▶ _TASK ITEM_
For this task, output exactly the lines of the material below starting at the line with "Blue Printed Tie-Up Neck Tops - Women Tops" and ending at the line with "QiMH 3 Lights"; pictures are to be excluded.

▶ _LISTED ENTRIES_

★ ★ ★ ★

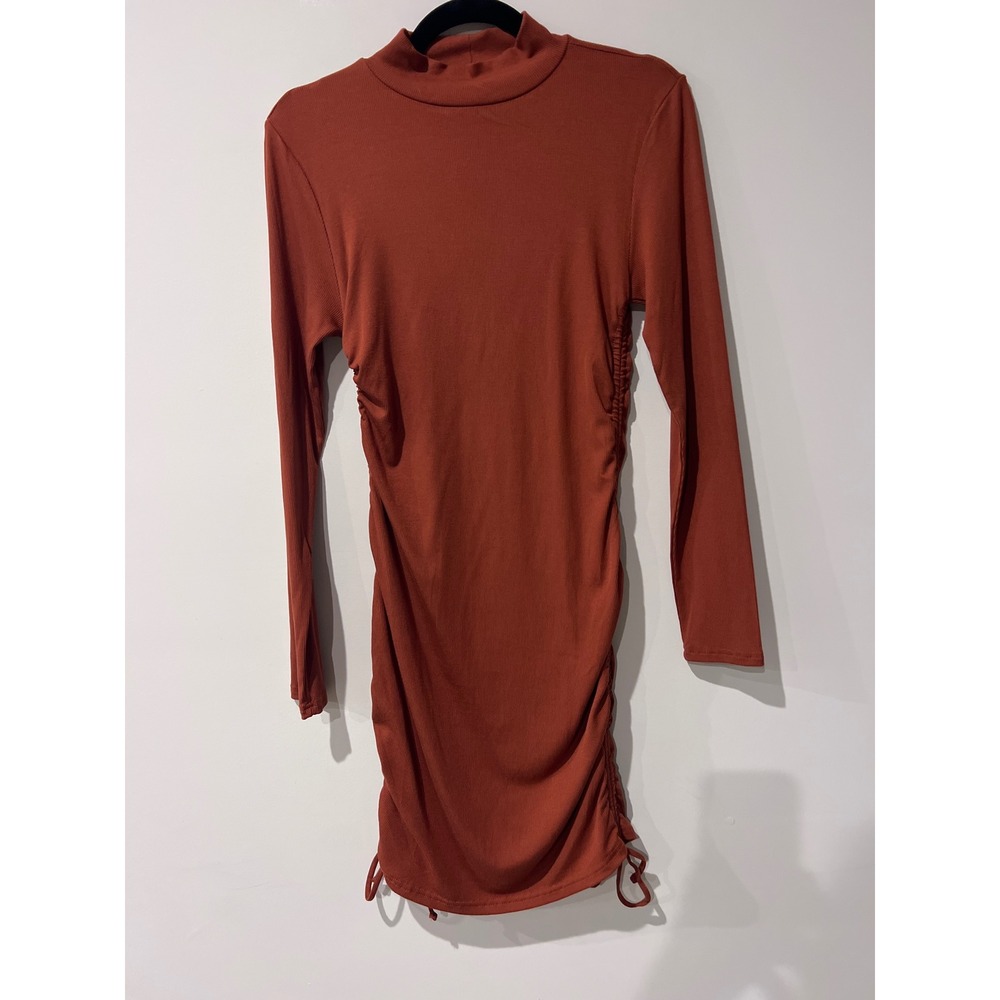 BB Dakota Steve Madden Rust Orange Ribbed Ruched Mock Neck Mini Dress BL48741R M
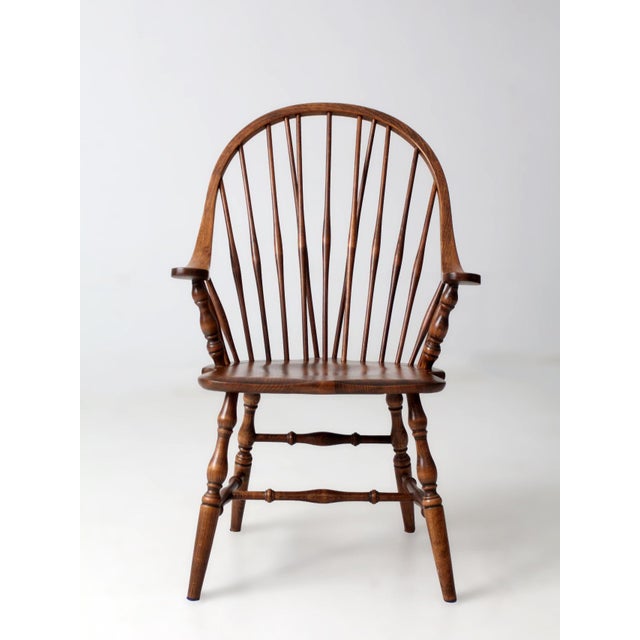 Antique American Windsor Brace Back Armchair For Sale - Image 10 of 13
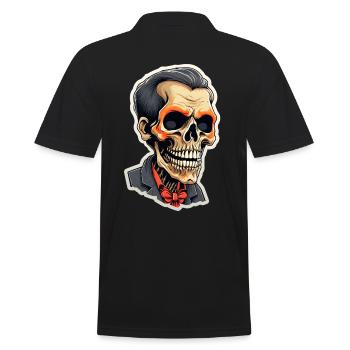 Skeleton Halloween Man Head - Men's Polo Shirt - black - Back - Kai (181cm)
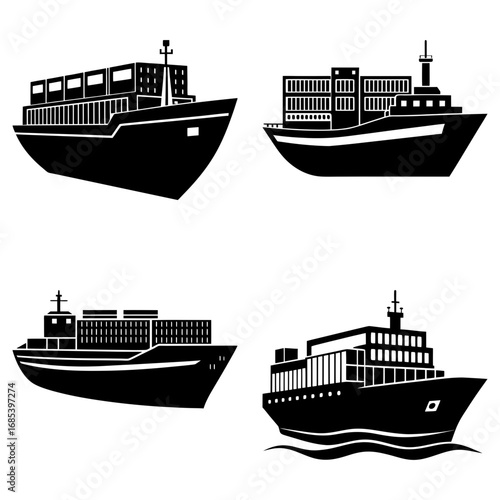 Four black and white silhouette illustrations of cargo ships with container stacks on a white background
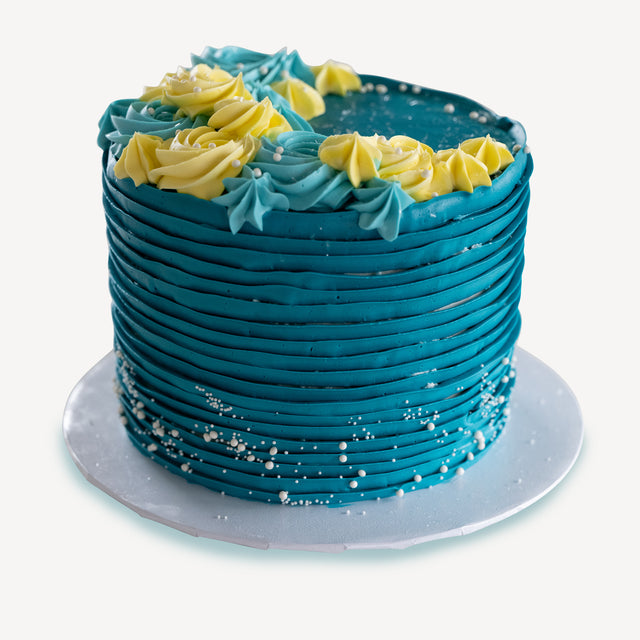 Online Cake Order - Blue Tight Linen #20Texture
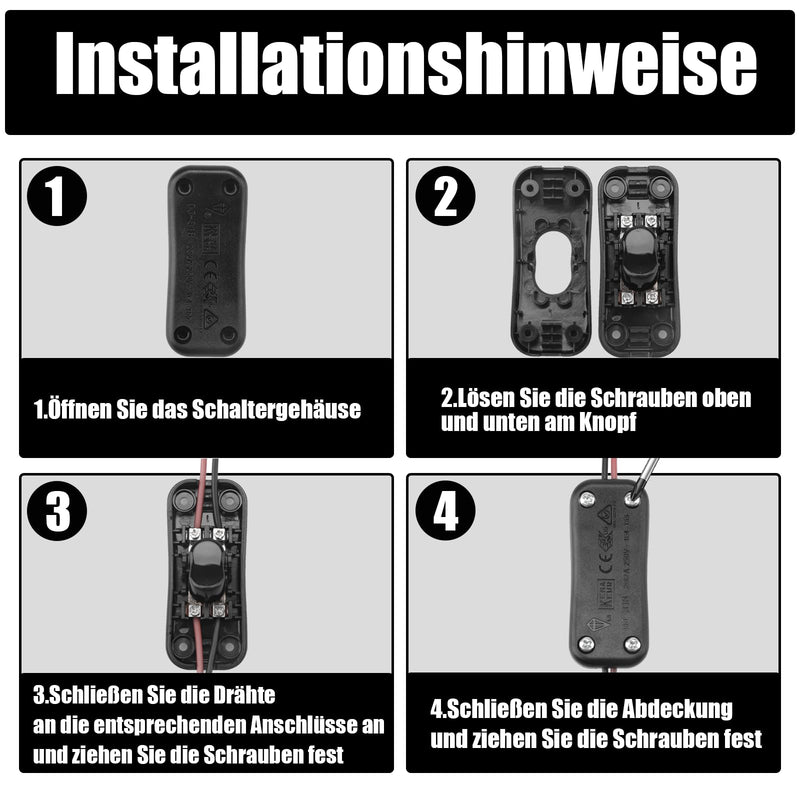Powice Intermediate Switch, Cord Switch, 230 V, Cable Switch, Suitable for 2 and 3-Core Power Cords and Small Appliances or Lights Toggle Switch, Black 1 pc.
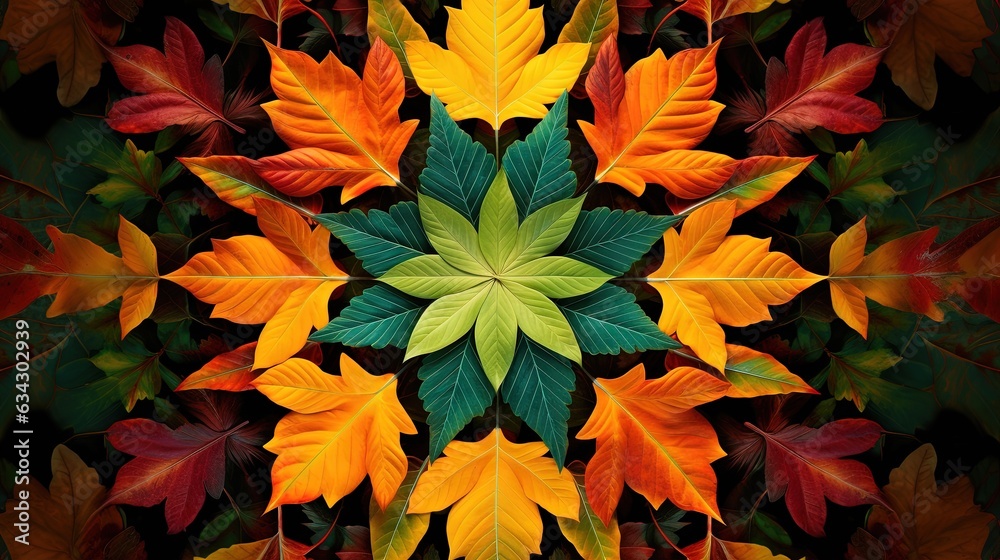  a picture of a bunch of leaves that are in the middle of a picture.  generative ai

★ ★ ★ ★

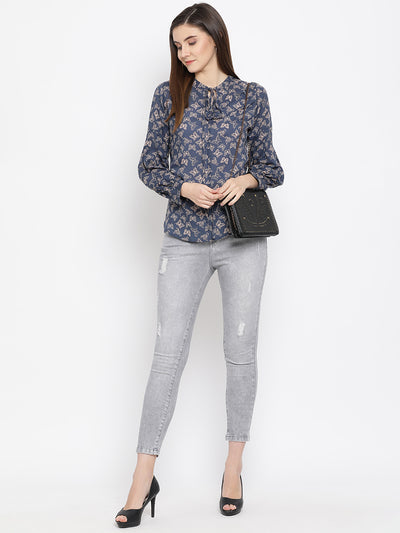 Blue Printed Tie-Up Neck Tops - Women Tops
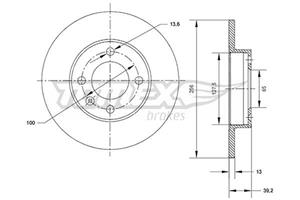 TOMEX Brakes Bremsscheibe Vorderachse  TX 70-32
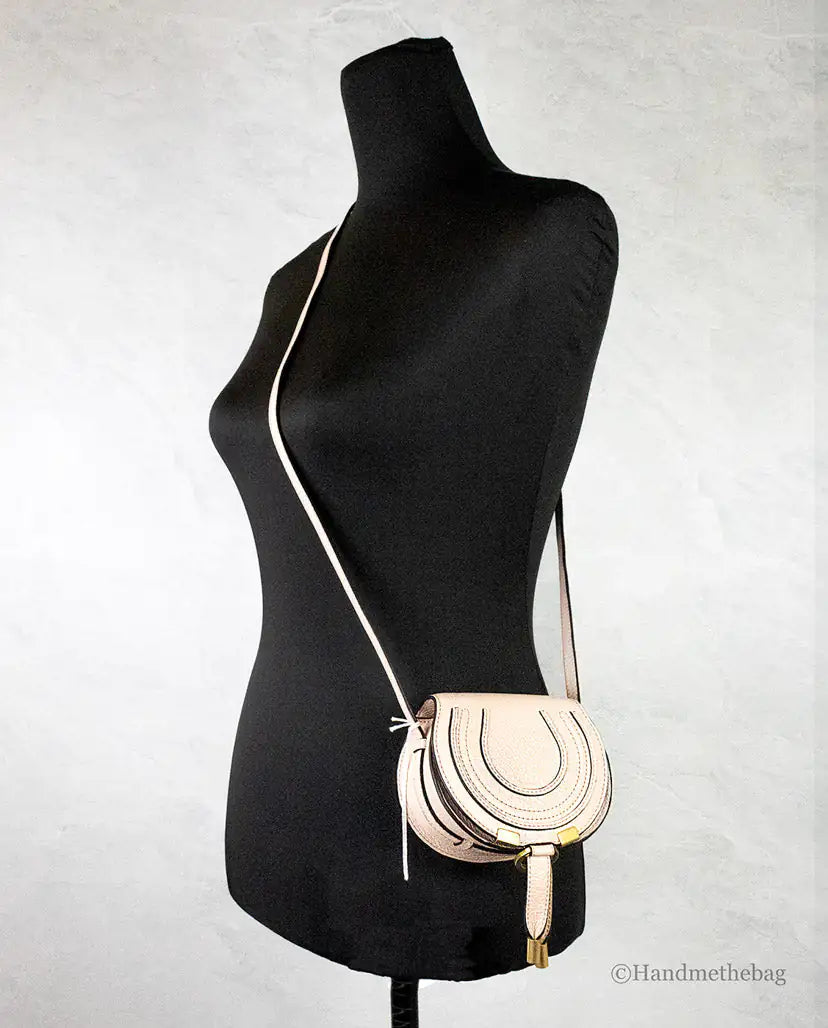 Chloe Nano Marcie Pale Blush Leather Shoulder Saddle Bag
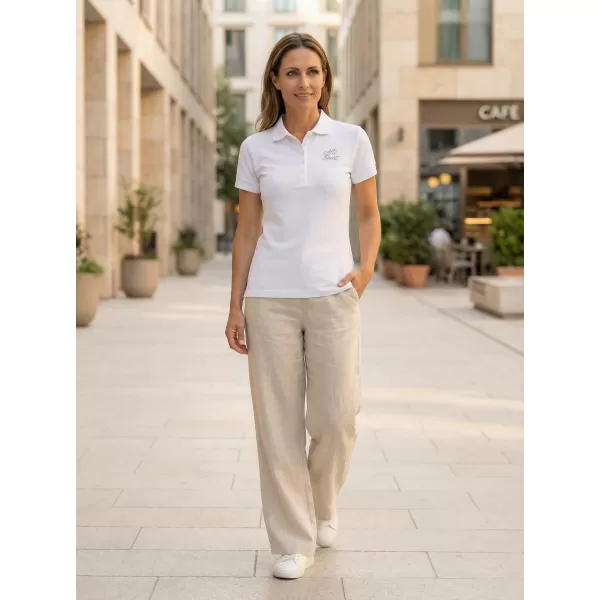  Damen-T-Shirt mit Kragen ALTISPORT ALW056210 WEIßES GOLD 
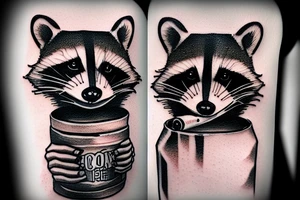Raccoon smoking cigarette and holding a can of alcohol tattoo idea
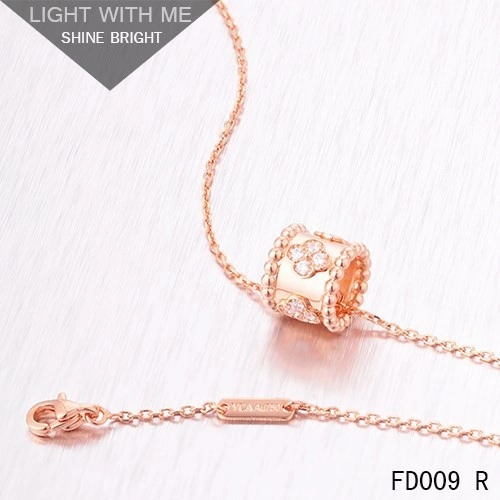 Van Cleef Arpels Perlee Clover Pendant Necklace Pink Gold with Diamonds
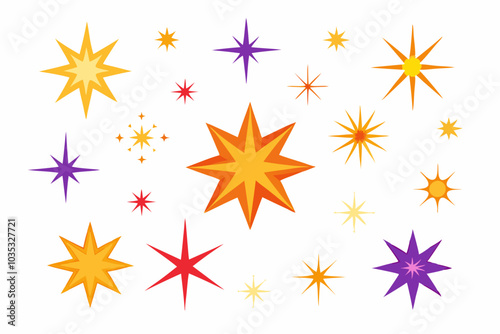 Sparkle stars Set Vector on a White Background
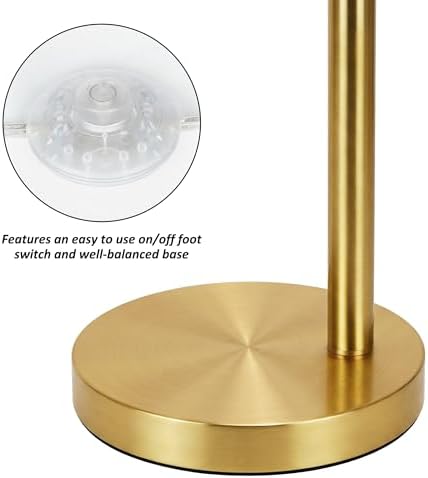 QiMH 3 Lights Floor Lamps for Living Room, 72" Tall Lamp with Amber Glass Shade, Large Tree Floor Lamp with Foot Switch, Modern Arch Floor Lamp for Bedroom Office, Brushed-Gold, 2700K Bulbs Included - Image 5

★ ★ ★ ★

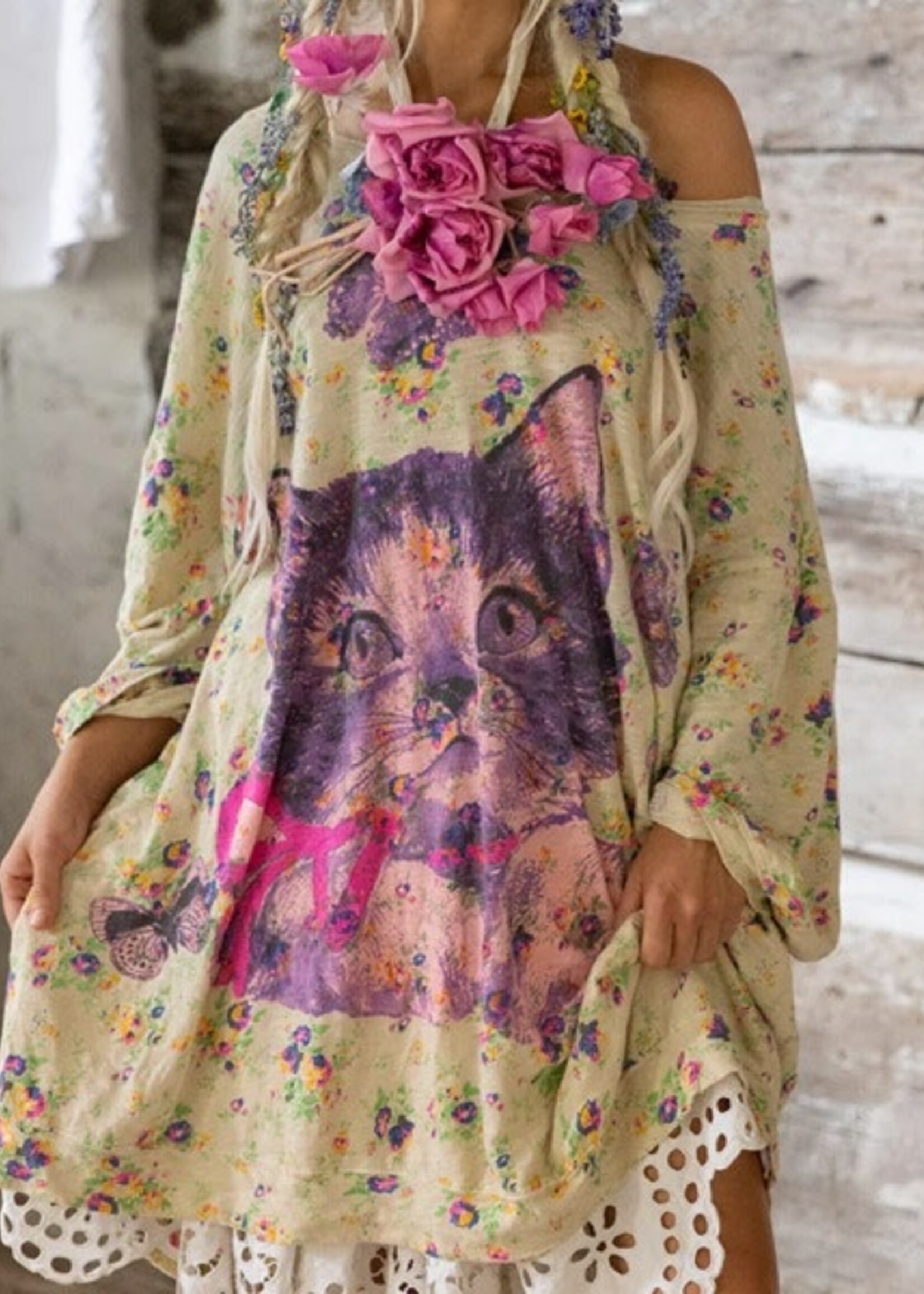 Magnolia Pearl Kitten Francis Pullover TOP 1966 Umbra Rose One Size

★ ★ ★ ★

▶ _TASK ANSWER_
 Blue Printed Tie-Up Neck Tops - Women Tops
 TOMEX Brakes Bremsscheibe Vorderachse  TX 70-32
 Chloe Nano Marcie Pale Blush Leather Shoulder Saddle Bag
  Damen-T-Shirt mit Kragen ALTISPORT ALW056210 WEIßES GOLD 
Raccoon smoking cigarette and holding a can of alcohol tattoo idea
 Van Cleef Arpels Perlee Clover Pendant Necklace Pink Gold with Diamonds
 Sparkle stars Set Vector on a White Background
 QiMH 3 Lights Floor Lamps for Living Room, 72" Tall Lamp with Amber Glass Shade, Large Tree Floor Lamp with Foot Switch, Modern Arch Floor Lamp for Bedroom Office, Brushed-Gold, 2700K Bulbs Included - Image 5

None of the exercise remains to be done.